The two wells used for the EMR calculation, though they belong to different hydrological catchments, show the same behavior, indicating that they fall in the same hydrogeological catchment. The agreement of the results obtained in analyzing the datasets of the two wells allows for generalization of their behavior on a larger scale. Like the study of Allocca et al. (2015), this study confirms the value of the EMR technique for quantifying groundwater recharge processes at basin and episodic scales in a heterogeneous karst aquifer typical of Mediterranean areas.

Conclusions

This paper presents an unusual combination of methods applied at different scales: measurements on core-sized samples, plot-scale experiments with artificial sprinkling, and mesoscale through EMR modeling of episodic recharge. This combination has enhanced understanding of preferential flow activation in an unsaturated zone composed of thinly mantled soil, porous carbonate, and karstic fractured rock.

At the plot scale, electrical conductivity, temperature, and water level measurements in five monitoring wells after several artificial and natural rainfall events, showed different behavior in the monitoring wells, implying a strong anisotropy of flow in the unsaturated zone. The data collected in the wells suggest a complex conceptual model of the saturated–unsaturated system characterized by a network of fractures that differ in both direction and conductance.

The geophysical data, obtained in several acquisitions with a combination of two different techniques, confirm the complexity of the conceptual model.

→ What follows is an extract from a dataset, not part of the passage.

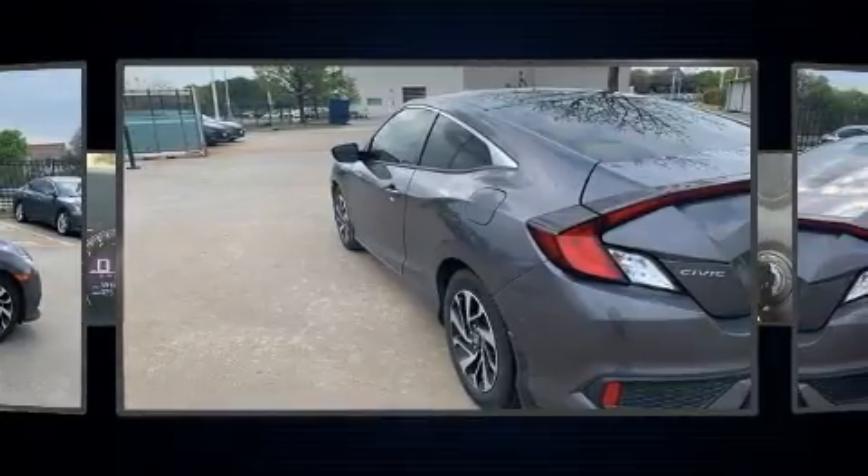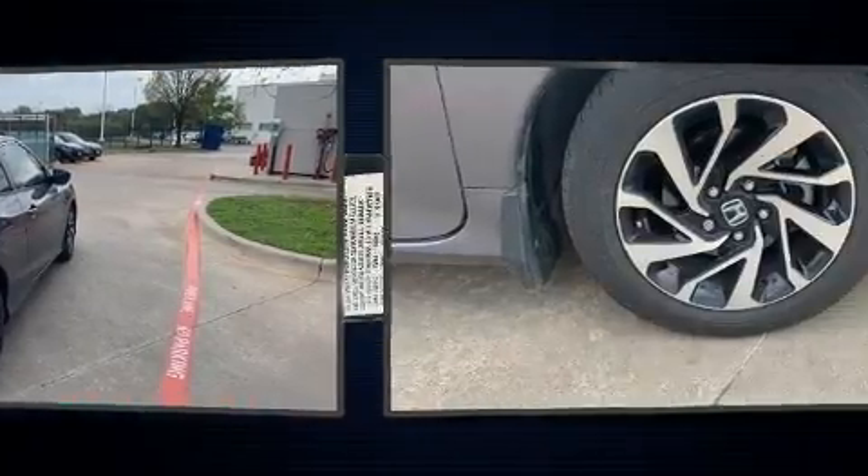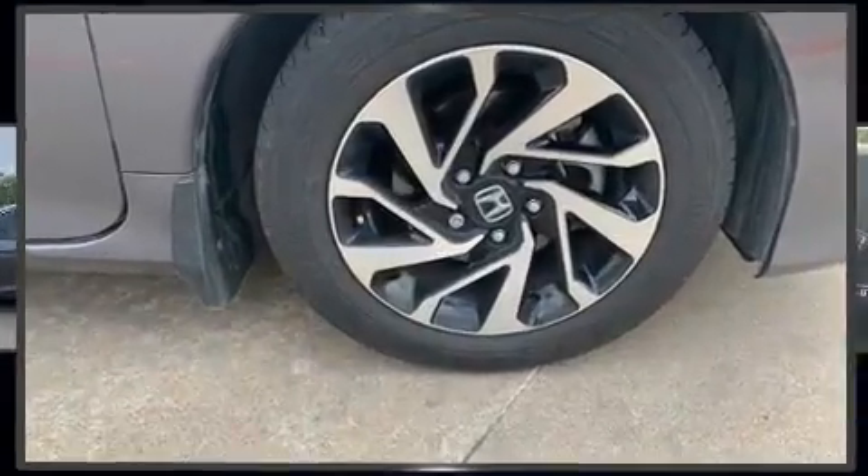This vehicle has achieved certified pre-owned status by passing Honda's comprehensive certification process, including an exhaustive 150-point inspection.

They allow localization and quantification of the activation of preferential paths, leading to a better characterization of the subsurface in terms of preferential flow patterns. The time-lapse geophysical surveys allow tracking of preferential flow, enhancing understanding of flow dynamics over large areas and providing quantitative estimations of the water storage, velocity, and spread.

The recharge model based on the ERM technique confirms the presence of rapid flow through the unsaturated zone, a crucial process in recharging the studied heterogeneous and karst aquifer. In this study, the combination of the outcomes of the different techniques applied at differing scales allows a more complete knowledge of how these preferential flow processes act in combination to promote rapid flow to the aquifer. This unusual multiscale approach adds to research advancement in this field not achievable by traditional single-scale approaches.